TASK OBJECTIVE — Restate word for word every line from the top of the data below down through the line that holds "Netsuke PEM Monk holding a Child".

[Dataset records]
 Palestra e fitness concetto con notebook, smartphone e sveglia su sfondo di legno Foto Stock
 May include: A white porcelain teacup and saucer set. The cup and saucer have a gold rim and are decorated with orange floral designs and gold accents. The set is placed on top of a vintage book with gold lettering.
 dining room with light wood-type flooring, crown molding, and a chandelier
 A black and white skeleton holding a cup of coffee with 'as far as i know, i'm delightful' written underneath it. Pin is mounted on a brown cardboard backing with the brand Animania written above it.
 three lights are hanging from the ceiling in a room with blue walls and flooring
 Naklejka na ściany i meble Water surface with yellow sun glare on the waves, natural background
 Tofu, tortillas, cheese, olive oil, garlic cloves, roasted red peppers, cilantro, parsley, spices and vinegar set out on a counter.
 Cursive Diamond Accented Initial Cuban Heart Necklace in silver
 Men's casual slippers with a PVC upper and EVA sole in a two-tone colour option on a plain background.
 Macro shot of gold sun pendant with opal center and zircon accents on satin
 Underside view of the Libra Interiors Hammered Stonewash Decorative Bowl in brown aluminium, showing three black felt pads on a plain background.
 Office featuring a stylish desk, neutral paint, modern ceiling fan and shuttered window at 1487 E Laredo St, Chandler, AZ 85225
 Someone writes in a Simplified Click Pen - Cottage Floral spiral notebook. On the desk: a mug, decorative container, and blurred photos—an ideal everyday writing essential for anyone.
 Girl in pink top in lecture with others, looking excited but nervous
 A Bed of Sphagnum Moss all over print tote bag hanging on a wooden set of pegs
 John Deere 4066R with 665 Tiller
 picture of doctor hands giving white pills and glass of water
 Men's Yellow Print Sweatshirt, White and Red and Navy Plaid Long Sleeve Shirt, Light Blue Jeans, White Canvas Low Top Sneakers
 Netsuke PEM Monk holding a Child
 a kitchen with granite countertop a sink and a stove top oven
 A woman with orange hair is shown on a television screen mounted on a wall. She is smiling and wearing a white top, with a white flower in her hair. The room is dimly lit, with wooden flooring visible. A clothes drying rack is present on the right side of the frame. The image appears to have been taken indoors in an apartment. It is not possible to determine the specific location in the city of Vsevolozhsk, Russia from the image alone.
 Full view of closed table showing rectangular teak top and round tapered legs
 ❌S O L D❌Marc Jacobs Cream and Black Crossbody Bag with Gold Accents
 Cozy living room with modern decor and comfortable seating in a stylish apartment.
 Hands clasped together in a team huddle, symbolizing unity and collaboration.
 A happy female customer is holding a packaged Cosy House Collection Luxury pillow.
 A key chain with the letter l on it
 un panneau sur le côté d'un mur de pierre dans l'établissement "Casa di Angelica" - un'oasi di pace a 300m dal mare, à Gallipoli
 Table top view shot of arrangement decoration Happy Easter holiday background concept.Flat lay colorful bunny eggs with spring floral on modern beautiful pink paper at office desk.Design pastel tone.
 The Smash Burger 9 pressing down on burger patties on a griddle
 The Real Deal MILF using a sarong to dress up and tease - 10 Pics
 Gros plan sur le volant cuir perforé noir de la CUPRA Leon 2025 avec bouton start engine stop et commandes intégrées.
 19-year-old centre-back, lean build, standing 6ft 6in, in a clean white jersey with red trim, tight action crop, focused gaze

TASK RESPONSE —
 Palestra e fitness concetto con notebook, smartphone e sveglia su sfondo di legno Foto Stock
 May include: A white porcelain teacup and saucer set. The cup and saucer have a gold rim and are decorated with orange floral designs and gold accents. The set is placed on top of a vintage book with gold lettering.
 dining room with light wood-type flooring, crown molding, and a chandelier
 A black and white skeleton holding a cup of coffee with 'as far as i know, i'm delightful' written underneath it. Pin is mounted on a brown cardboard backing with the brand Animania written above it.
 three lights are hanging from the ceiling in a room with blue walls and flooring
 Naklejka na ściany i meble Water surface with yellow sun glare on the waves, natural background
 Tofu, tortillas, cheese, olive oil, garlic cloves, roasted red peppers, cilantro, parsley, spices and vinegar set out on a counter.
 Cursive Diamond Accented Initial Cuban Heart Necklace in silver
 Men's casual slippers with a PVC upper and EVA sole in a two-tone colour option on a plain background.
 Macro shot of gold sun pendant with opal center and zircon accents on satin
 Underside view of the Libra Interiors Hammered Stonewash Decorative Bowl in brown aluminium, showing three black felt pads on a plain background.
 Office featuring a stylish desk, neutral paint, modern ceiling fan and shuttered window at 1487 E Laredo St, Chandler, AZ 85225
 Someone writes in a Simplified Click Pen - Cottage Floral spiral notebook. On the desk: a mug, decorative container, and blurred photos—an ideal everyday writing essential for anyone.
 Girl in pink top in lecture with others, looking excited but nervous
 A Bed of Sphagnum Moss all over print tote bag hanging on a wooden set of pegs
 John Deere 4066R with 665 Tiller
 picture of doctor hands giving white pills and glass of water
 Men's Yellow Print Sweatshirt, White and Red and Navy Plaid Long Sleeve Shirt, Light Blue Jeans, White Canvas Low Top Sneakers
 Netsuke PEM Monk holding a Child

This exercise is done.